The USD/CAD pair continued gaining positive traction through the early North-American session, with bulls looking to extend the momentum further beyond the key 1.30 psychological mark.

The pair built on last week’s sharp rebound from over four-month lows and continued with its upward trajectory for the sixth consecutive session amid the prevailing strong bullish sentiment surrounding the US Dollar.

Despite a modest retracement in the US Treasury bond yields from multi-year tops, the USD held on to its strong gains near seven-week highs and was seen as one of the key factors driving the pair back closer to over one-week tops touched in the previous session.

However, a goodish pickup in crude oil prices continued underpinning demand for the commodity-linked currency Loonie and turned out to be the only factor capping any meaningful up-move, at least for the time being.

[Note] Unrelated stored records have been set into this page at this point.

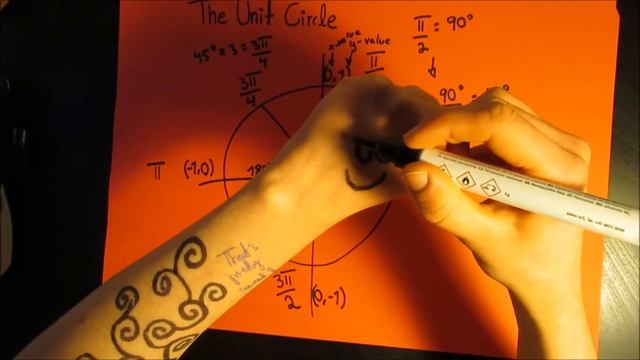 IB Math chapter 6- The basic Unit Circle смотреть онлайн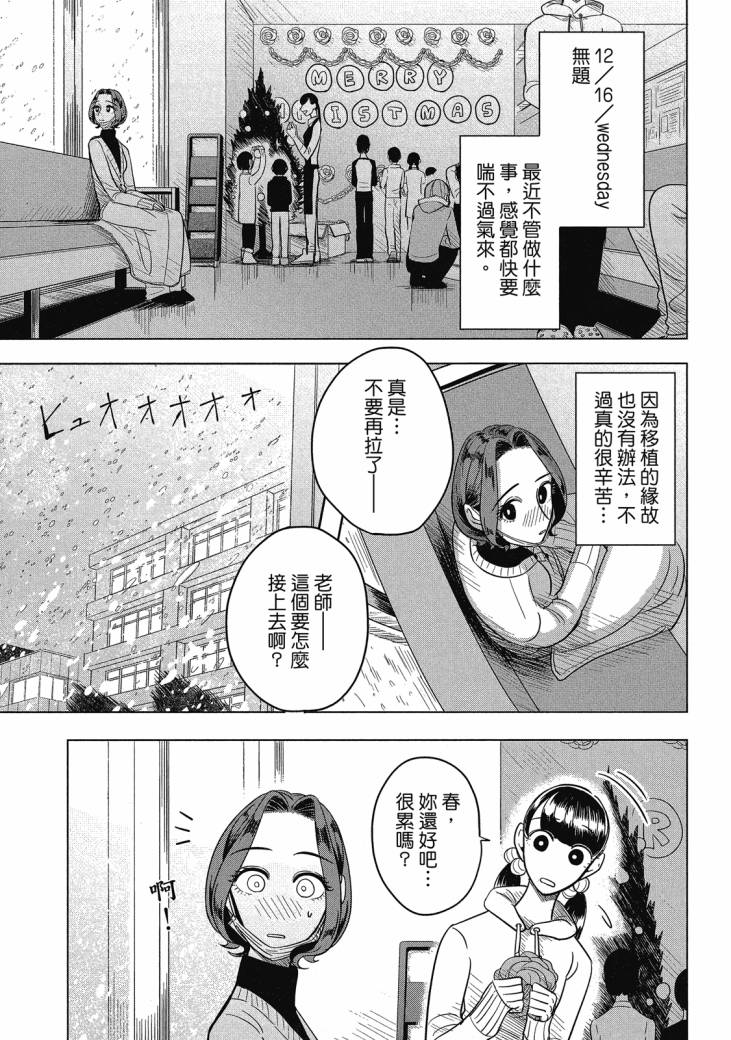 春的詛咒 - 第02卷(1/4) - 7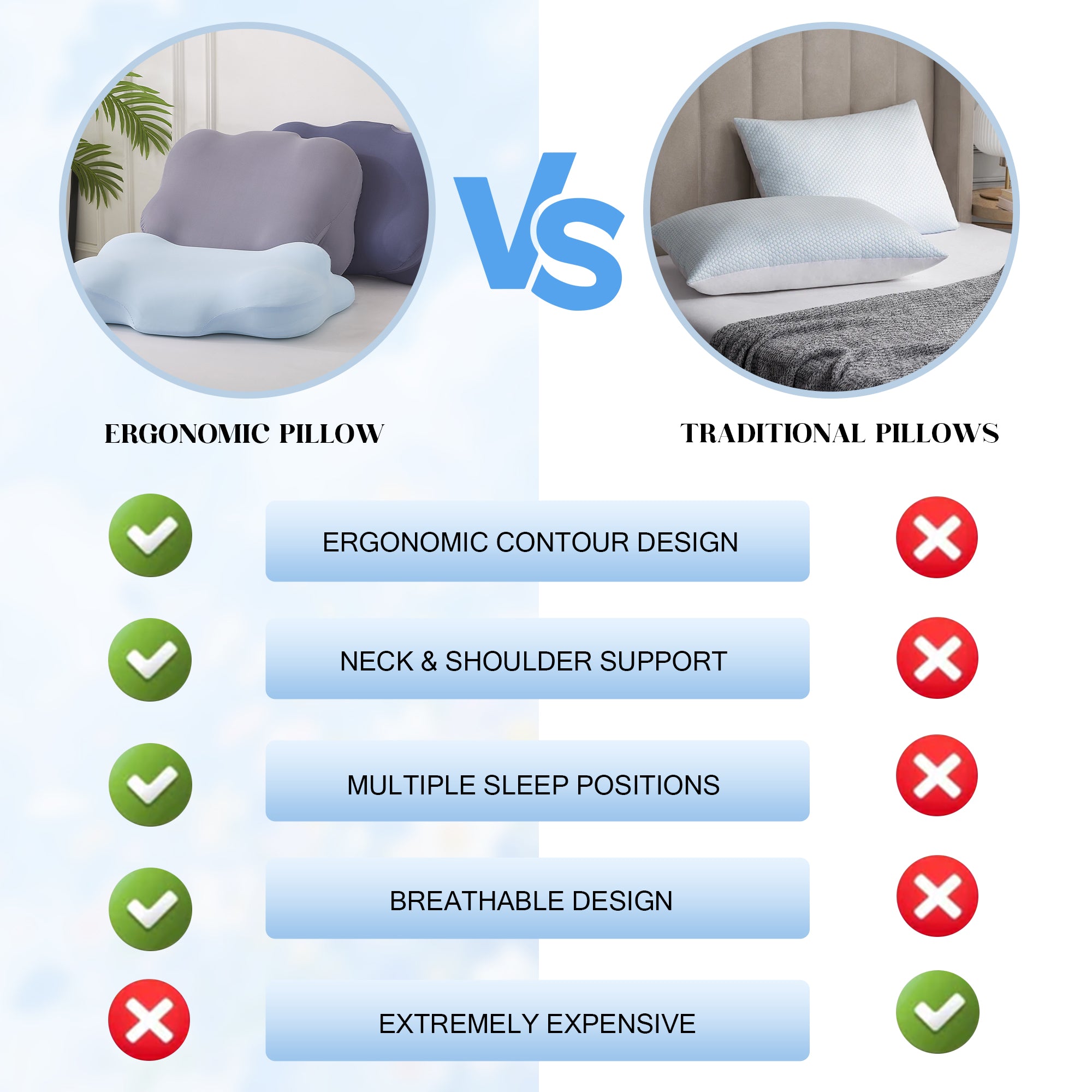 Ergonomic Cloud Contour Memory Foam Pillow with Arm Armrests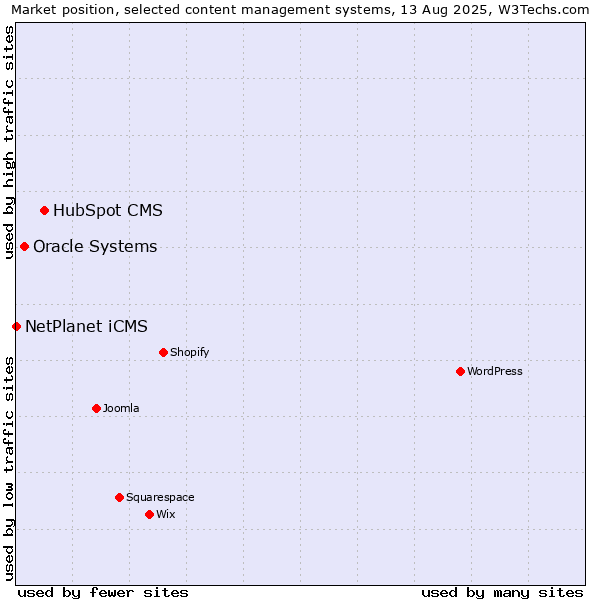 Market position of HubSpot CMS vs. Oracle Systems vs. NetPlanet iCMS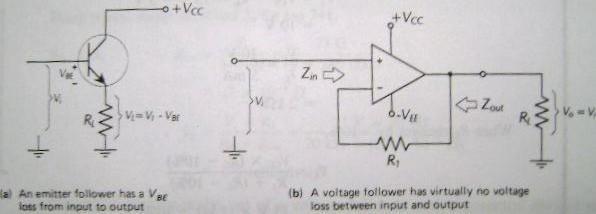 Both voltage follower and the emitter follower are buffer amplifiers. The voltage follower has a much higher input impedance and much lower output impedance than the emitter follower.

On the economic data front, disappointing Canadian housing starts, coming in at 189K for September as compared to a downwardly revised 199K in August, did little to influence, with the USD price dynamics turning out to be an exclusive driver of the pair’s momentum on Tuesday.

Technical levels to watch

On a sustained move beyond the 1.3000-1.3010 zone, the pair is likely to accelerate the up-move further towards 1.3040 intermediate hurdle en-route the 1.3075-80 supply zone. On the flip side, the 1.2960-55 region now becomes an immediate support to defend, which if broken might turn the pair vulnerable to slide further towards retesting the 1.2900 round figure mark.